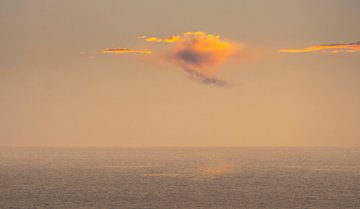 2722 Orangefarbene Wolke von Adrien Hendrickx
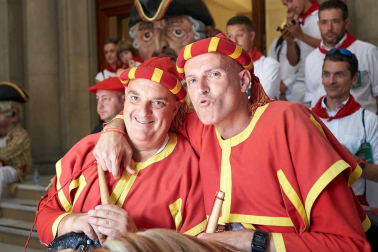 Fotos de la despedida de la Comparsa de Gigantes y Cabezudos en la plaza Consistorial en San Fermín 2019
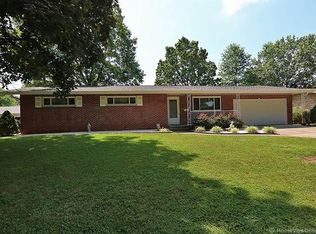 10 Saint Jude Dr, Ste Genevieve, MO 63670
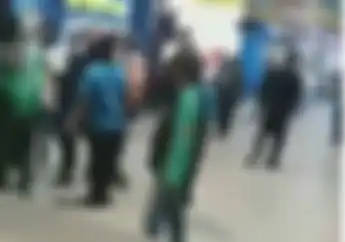 Mencekam!  Video Warga Negara Asing Cari Masalah, Marahi dan Nyaris Keroyok Driver Ojol Perempuan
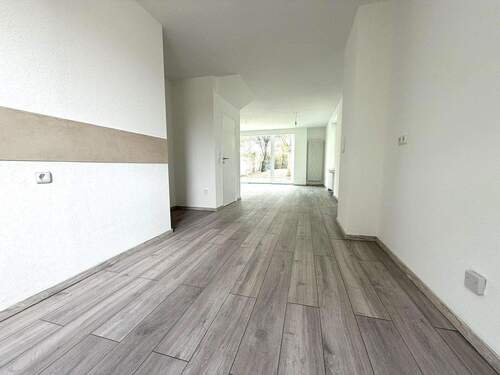 Flur - Einfamilienhaus mit 171,00 m&sup2; in Nürnberg zum Kaufen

★ ★ ★ ★ ★ ★ ★

**WHAT NEEDS TO BE DONE:** Output nothing except the lines from the one containing "Fotos de la" through the final line of the entries, repeated exactly and free of pictures.

**SOLUTION FOR THIS PROBLEM:**
 Fotos de la despedida de la Comparsa de Gigantes y Cabezudos en la plaza Consistorial en San Fermín 2019
 10 Saint Jude Dr, Ste Genevieve, MO 63670
 Mencekam!  Video Warga Negara Asing Cari Masalah, Marahi dan Nyaris Keroyok Driver Ojol Perempuan
 Flur - Einfamilienhaus mit 171,00 m&sup2; in Nürnberg zum Kaufen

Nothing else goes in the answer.